When the Gaddafi regime stopped theater producers from sending actors to produce productions, Anna was encouraged to help found a theater company that became the Tripoli Performing Arts Project. Through her grant, she brought together several local performers to put on a show.
“I helped organize this Broadway revue that we did twice in the basement of the embassy,” Anna recalls. “Then we took it to Benghazi. We went to an Islamic call center in Benghazi and did this for English language students. It was a really interesting and surreal experience.”
Anna and her two children were able to return to the United States each summer to stay with Brian's family in Clemson, South Carolina, but Brian's duties prevented him from returning home to be with his family. I could not do it.
“For him, there was no rest for a tired person, but he grew in a way in that environment,” Anna said. “That's his element. He's very comfortable on the edge. He feels like his senses are coming back to life in a different way, that he's more conscious, that time seems to slow down. That's what I said, and I agree. Time moves really slowly when you're in that kind of environment. The seven years we lived here in Hillsboro went by very quickly.”
The Linville family was able to experience Libya through a kind of IMax lens, where they were able to see the era before, during, and after monumental governance changes. For every terror and atrocity committed by Gaddafi, there was execution order and investment from other countries, even if the decisions were considered questionable or self-serving. But after the tyrant was defeated by a well-meaning player, anarchy moved in and filled the void with chaos. The experience revealed her struggle, which Anna describes as “Benghazi's Broadway.”
“Even when you're trying to help, things can get worse instead of getting better, and you're heading towards tragedy,” she says. “I feel strongly that that is what happened in Libya. We removed Gaddafi, but at the same time the consequences were devastating for the Libyans. They have continued to live in anarchy ever since. It's difficult to make decisions like this. I'm glad I didn't have to make the decision to intervene or not.”

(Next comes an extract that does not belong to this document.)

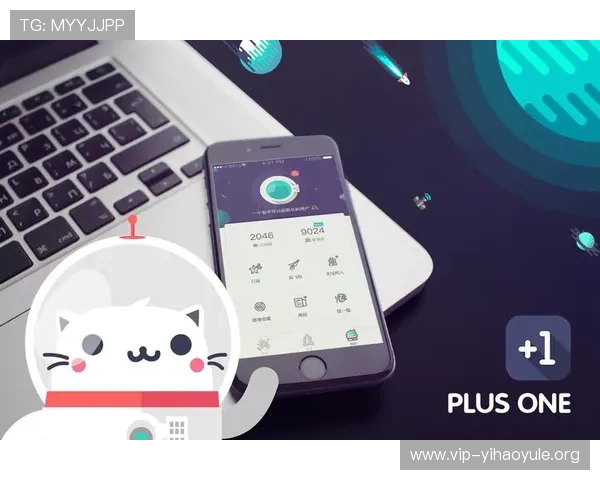 壹号app下线背后的原因分析以及用户应如何应对未来的应用选择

“Broadway in Benghazi'' is a fascinating and complex book that feels like watching three different plays. There are two very important characters in his life who enjoy and sometimes fear what's on stage, but are always at odds with each other. One is the tyrant that resides within each of us, just waiting to be summoned by the right motives. The other is the community, and the care and health of the community is essential to withstand the comings and goings of tyrants.
“I’m so grateful for Hillsboro as a place where I feel like I can finally put down roots and find a community of creative people who want to build a great community together,” said Anna. . “We have to take care of our community, and we have to look at ourselves. There are a lot of problems here that need to be solved.”
“Broadway in Benghazi: The Comedy, Tragedy, and Diplomatic Drama of Gaddafi's Libya” is available in hardcover and paperback at Purple Crow Books, 109 W. King St. in downtown Hillsboro.